Autologous fascia lata pubovaginal sling for stress urinary incontinence in obese neurological female patients

Haudebert C1, Common H1, Hascoet J1, Freton L1, Richard C1, Manunta A1, Samson E1, Voiry C1, Brucker B2, Peyronnet B1

Research Type

Clinical

Abstract Category

Female Stress Urinary Incontinence (SUI)

Abstract 591
On Demand Videos
Scientific Open Discussion Video Session 38
On-Demand
Stress Urinary Incontinence Female Genital Reconstruction
1. University of Rennes, 2. New York University
Presenter
C

Camille Haudebert

Links

Abstract

Introduction
Stress urinary incontinence  (SUI) due to neurogenic intrinsic sphincter deficiency is a common issue in patients with spina bifida. Autologous fascial sling is one of the most interesting surgical options in these patients owing to the poor efficacy and high risk of mesh related complications with synthetic miduretrhal slings. Rectus fascia harvesting carries a high risk of wound complications especially in obese patients and in those with multiple previous adominal surgeries. The aim of the video was to describe a technique of pubovaginal sling using the fascia lata instead of the rectus fascia.
Design
We present the case of a 22 years-old female with myelomeningocele and SUI. She is self-catheterizing and treated with repeated intradetrusor botulinum toxin injections due to neurogenic detrusor overactivity. On physical examination, SUI is demonstrated with a fixed urethra
She was proposed an artificial urinary sphincter or an autologous pubovaginal sling and elected the later.
A fascia lata sling was chosen because of the obesity of the patient, to minimize the risk of abdominal wall complications.
Results
To harvest the fascia lata sling, a 10 cm incision is made on the outer side of the right thigh and carried down to the fascia lata. Two 10 cm parallel incisions are made in the fascia, about 1,5 cm apart.
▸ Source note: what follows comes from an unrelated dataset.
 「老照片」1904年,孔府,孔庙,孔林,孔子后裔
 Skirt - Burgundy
The undersurface of the fascia is dissected and the fascia is excised. 
The aponevrosis is then closed using two running sutures
The sling is prepared and two 2/0 prolene are placed at each end of the sling. 
An inverted U incision is made about 2 cm under the urethral meatus. The dissection of the urethra and the bladder neck is carried bluntly until the endopelvic fascia is reached on both side of the bladder neck
A suprapubic 4 cm incision is made down to the rectus fascia which is not opened
The retropubic passages for the sling are created by perforating the rectus fascia and the endopelvic fascia from top to bottom with a clamp while a finger is placed in the vaginal fornix to prevent bladder neck damage. The sling is pulled from the vaginal incision to the abdominal incision The same maneuver is done on the contralateral side. 
A cystoscopy is performed to confirm that no bladder or urethral injury was made. 
The prolene stitches are closed above the rectus fascia, making sure to tighten the sling given the patient is self catheterizing and urinary retention is not an issue.
The vaginal and suprapubic incision are closed. 
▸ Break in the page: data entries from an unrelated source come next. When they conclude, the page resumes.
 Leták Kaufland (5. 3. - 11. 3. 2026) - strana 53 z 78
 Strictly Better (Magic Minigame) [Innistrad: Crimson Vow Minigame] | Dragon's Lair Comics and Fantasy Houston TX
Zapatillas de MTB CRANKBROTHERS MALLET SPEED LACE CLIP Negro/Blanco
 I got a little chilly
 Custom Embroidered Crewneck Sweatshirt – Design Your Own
The operative time was 150 minutes with minimal blood loss. There was no postoperative complications. The patient was discharged on postoperative day 2. The urethral catheter was removed at day 10 and the patient was able to resumed her self-catheterization easily.
Conclusion
Autologous fascia lata pubovaginal sling is a safe and simple surgical technique for female patients with either obesity or multiple previous abdominal surgeries in an intent to minimize the risk of wound complications.